Please transcribe the data below exactly. Leave the pictures out.

Stored records:
┄┄┄┄┄┄┄┄┄┄┄┄┄┄┄┄┄┄┄┄
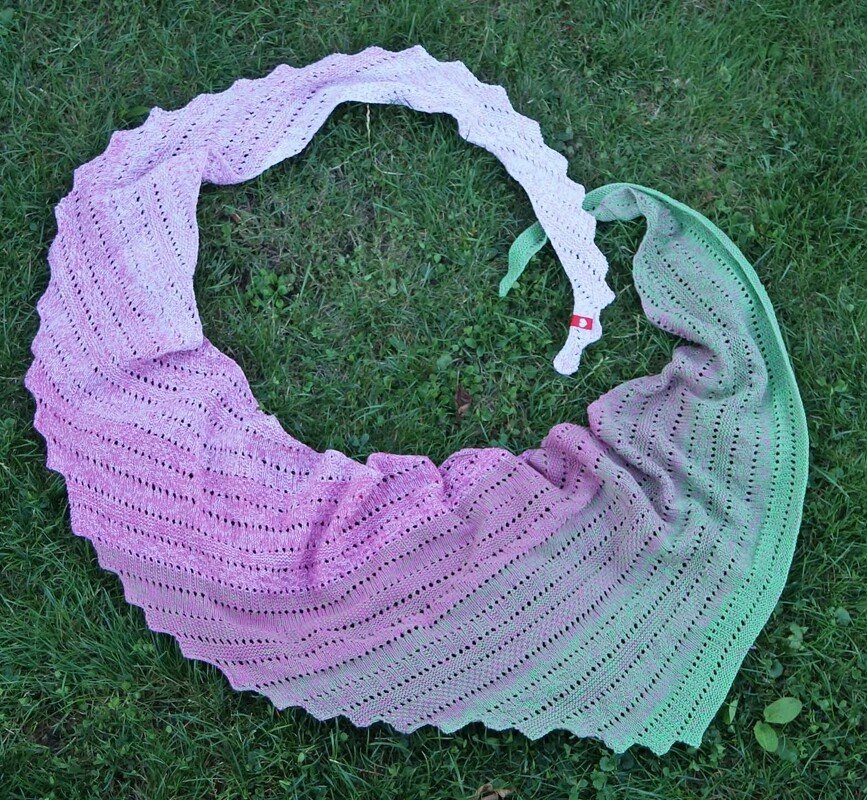 Strickanleitung Dreieckstuch Drachenschal *Itty- Bitty* Drachenschwanz stricken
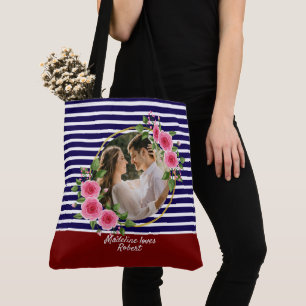Bolso De Tela Foto moderna de 2   Regalo de San Valentín rojo y 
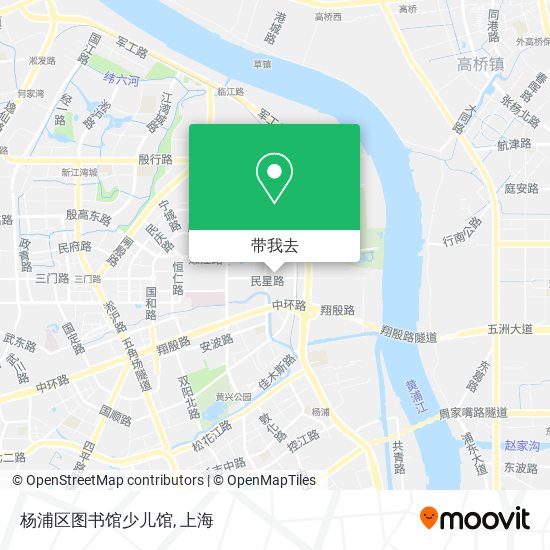 杨浦区图书馆少儿馆地图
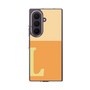 クリアケース［ オリジナル - initial two tone - L orange ］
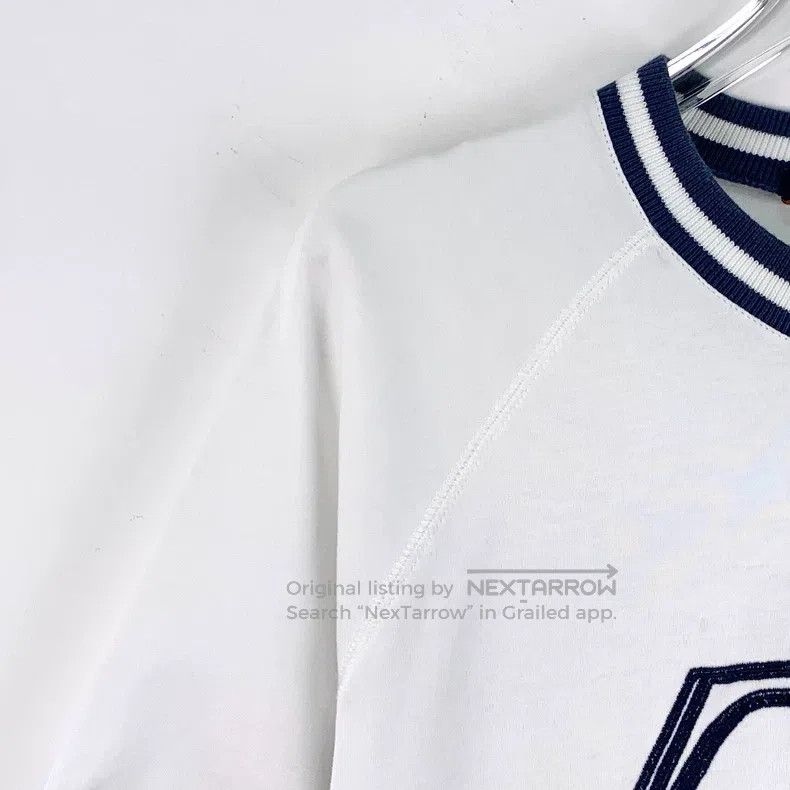 Louis Vuitton Louis Vuitton White logo embroidered cotton crew neck shor Size US S / EU 44-46 / 1 - 3 Thumbnail
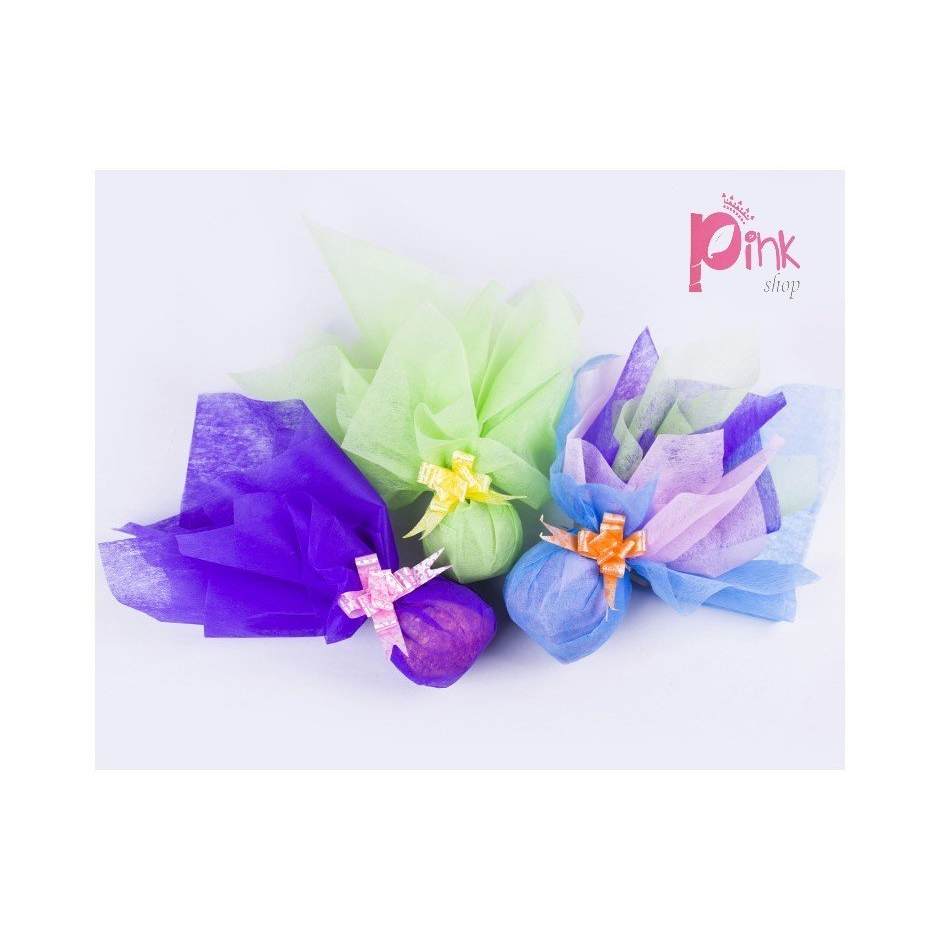30 Tờ Giấy Mếch Gói Hoa Mềm Mại Làm Lớp Lót Bó Hoa Tháp Bánh Oản 18 màu 50x50cm - PK0054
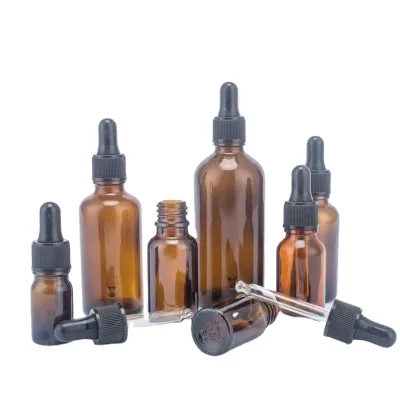 Frosted Glass Essential Oil Bottle Cosmeticstle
┄┄┄┄┄┄┄┄┄┄┄┄┄┄┄┄┄┄┄┄
§ **FINAL ANSWER**:
 Strickanleitung Dreieckstuch Drachenschal *Itty- Bitty* Drachenschwanz stricken
Bolso De Tela Foto moderna de 2   Regalo de San Valentín rojo y 
 杨浦区图书馆少儿馆地图
 クリアケース［ オリジナル - initial two tone - L orange ］
 Louis Vuitton Louis Vuitton White logo embroidered cotton crew neck shor Size US S / EU 44-46 / 1 - 3 Thumbnail
30 Tờ Giấy Mếch Gói Hoa Mềm Mại Làm Lớp Lót Bó Hoa Tháp Bánh Oản 18 màu 50x50cm - PK0054
 Frosted Glass Essential Oil Bottle Cosmeticstle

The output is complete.